Goal of the exercise – Every record must be copied exactly.

Record set –
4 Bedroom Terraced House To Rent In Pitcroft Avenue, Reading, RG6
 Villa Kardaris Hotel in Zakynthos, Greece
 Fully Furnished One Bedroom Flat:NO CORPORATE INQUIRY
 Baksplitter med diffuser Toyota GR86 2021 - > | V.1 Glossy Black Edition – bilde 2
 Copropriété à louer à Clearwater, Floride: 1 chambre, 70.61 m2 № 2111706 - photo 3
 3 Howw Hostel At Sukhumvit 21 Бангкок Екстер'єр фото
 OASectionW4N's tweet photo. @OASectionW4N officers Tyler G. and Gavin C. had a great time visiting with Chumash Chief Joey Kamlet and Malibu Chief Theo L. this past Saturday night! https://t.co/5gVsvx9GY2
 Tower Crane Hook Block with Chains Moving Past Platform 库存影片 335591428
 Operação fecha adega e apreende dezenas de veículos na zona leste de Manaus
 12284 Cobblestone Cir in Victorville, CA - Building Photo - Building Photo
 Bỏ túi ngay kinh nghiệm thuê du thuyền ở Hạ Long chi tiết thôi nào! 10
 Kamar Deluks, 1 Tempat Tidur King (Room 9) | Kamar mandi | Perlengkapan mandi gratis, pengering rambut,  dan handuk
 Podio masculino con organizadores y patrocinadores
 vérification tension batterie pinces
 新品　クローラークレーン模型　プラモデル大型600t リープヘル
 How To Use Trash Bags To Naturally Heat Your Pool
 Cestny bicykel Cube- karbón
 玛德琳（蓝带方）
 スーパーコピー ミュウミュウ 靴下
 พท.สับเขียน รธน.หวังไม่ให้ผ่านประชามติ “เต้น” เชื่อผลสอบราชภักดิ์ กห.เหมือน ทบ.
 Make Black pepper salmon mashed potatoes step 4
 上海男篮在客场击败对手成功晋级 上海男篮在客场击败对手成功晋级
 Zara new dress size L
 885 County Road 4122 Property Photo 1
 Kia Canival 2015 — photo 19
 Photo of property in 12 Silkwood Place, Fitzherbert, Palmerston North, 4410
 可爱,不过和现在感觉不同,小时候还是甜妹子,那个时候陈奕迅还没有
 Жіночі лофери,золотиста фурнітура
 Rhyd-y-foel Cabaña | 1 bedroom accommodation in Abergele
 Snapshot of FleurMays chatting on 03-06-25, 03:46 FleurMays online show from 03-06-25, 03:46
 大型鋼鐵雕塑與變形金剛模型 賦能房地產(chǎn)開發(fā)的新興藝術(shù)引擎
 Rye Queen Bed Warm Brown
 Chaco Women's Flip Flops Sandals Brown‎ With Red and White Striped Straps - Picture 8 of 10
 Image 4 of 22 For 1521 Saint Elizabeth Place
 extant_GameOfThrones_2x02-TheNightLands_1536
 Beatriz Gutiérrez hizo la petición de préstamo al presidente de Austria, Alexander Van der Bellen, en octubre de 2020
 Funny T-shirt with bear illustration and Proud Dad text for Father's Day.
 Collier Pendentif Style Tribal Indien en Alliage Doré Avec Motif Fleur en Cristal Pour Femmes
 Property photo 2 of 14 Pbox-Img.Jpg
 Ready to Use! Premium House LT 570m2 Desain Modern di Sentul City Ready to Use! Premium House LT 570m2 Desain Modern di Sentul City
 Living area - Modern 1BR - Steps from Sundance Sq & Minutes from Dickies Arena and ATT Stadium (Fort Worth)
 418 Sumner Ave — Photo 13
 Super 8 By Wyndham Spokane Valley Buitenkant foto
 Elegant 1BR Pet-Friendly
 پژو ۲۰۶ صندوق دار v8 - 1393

Exercise solution –
4 Bedroom Terraced House To Rent In Pitcroft Avenue, Reading, RG6
 Villa Kardaris Hotel in Zakynthos, Greece
 Fully Furnished One Bedroom Flat:NO CORPORATE INQUIRY
 Baksplitter med diffuser Toyota GR86 2021 - > | V.1 Glossy Black Edition – bilde 2
 Copropriété à louer à Clearwater, Floride: 1 chambre, 70.61 m2 № 2111706 - photo 3
 3 Howw Hostel At Sukhumvit 21 Бангкок Екстер'єр фото
 OASectionW4N's tweet photo. @OASectionW4N officers Tyler G. and Gavin C. had a great time visiting with Chumash Chief Joey Kamlet and Malibu Chief Theo L. this past Saturday night! https://t.co/5gVsvx9GY2
 Tower Crane Hook Block with Chains Moving Past Platform 库存影片 335591428
 Operação fecha adega e apreende dezenas de veículos na zona leste de Manaus
 12284 Cobblestone Cir in Victorville, CA - Building Photo - Building Photo
 Bỏ túi ngay kinh nghiệm thuê du thuyền ở Hạ Long chi tiết thôi nào! 10
 Kamar Deluks, 1 Tempat Tidur King (Room 9) | Kamar mandi | Perlengkapan mandi gratis, pengering rambut,  dan handuk
 Podio masculino con organizadores y patrocinadores
 vérification tension batterie pinces
 新品　クローラークレーン模型　プラモデル大型600t リープヘル
 How To Use Trash Bags To Naturally Heat Your Pool
 Cestny bicykel Cube- karbón
 玛德琳（蓝带方）
 スーパーコピー ミュウミュウ 靴下
 พท.สับเขียน รธน.หวังไม่ให้ผ่านประชามติ “เต้น” เชื่อผลสอบราชภักดิ์ กห.เหมือน ทบ.
 Make Black pepper salmon mashed potatoes step 4
 上海男篮在客场击败对手成功晋级 上海男篮在客场击败对手成功晋级
 Zara new dress size L
 885 County Road 4122 Property Photo 1
 Kia Canival 2015 — photo 19
 Photo of property in 12 Silkwood Place, Fitzherbert, Palmerston North, 4410
 可爱,不过和现在感觉不同,小时候还是甜妹子,那个时候陈奕迅还没有
 Жіночі лофери,золотиста фурнітура
 Rhyd-y-foel Cabaña | 1 bedroom accommodation in Abergele
 Snapshot of FleurMays chatting on 03-06-25, 03:46 FleurMays online show from 03-06-25, 03:46
 大型鋼鐵雕塑與變形金剛模型 賦能房地產(chǎn)開發(fā)的新興藝術(shù)引擎
 Rye Queen Bed Warm Brown
 Chaco Women's Flip Flops Sandals Brown‎ With Red and White Striped Straps - Picture 8 of 10
 Image 4 of 22 For 1521 Saint Elizabeth Place
 extant_GameOfThrones_2x02-TheNightLands_1536
 Beatriz Gutiérrez hizo la petición de préstamo al presidente de Austria, Alexander Van der Bellen, en octubre de 2020
 Funny T-shirt with bear illustration and Proud Dad text for Father's Day.
 Collier Pendentif Style Tribal Indien en Alliage Doré Avec Motif Fleur en Cristal Pour Femmes
 Property photo 2 of 14 Pbox-Img.Jpg
 Ready to Use! Premium House LT 570m2 Desain Modern di Sentul City Ready to Use! Premium House LT 570m2 Desain Modern di Sentul City
 Living area - Modern 1BR - Steps from Sundance Sq & Minutes from Dickies Arena and ATT Stadium (Fort Worth)
 418 Sumner Ave — Photo 13
 Super 8 By Wyndham Spokane Valley Buitenkant foto
 Elegant 1BR Pet-Friendly
 پژو ۲۰۶ صندوق دار v8 - 1393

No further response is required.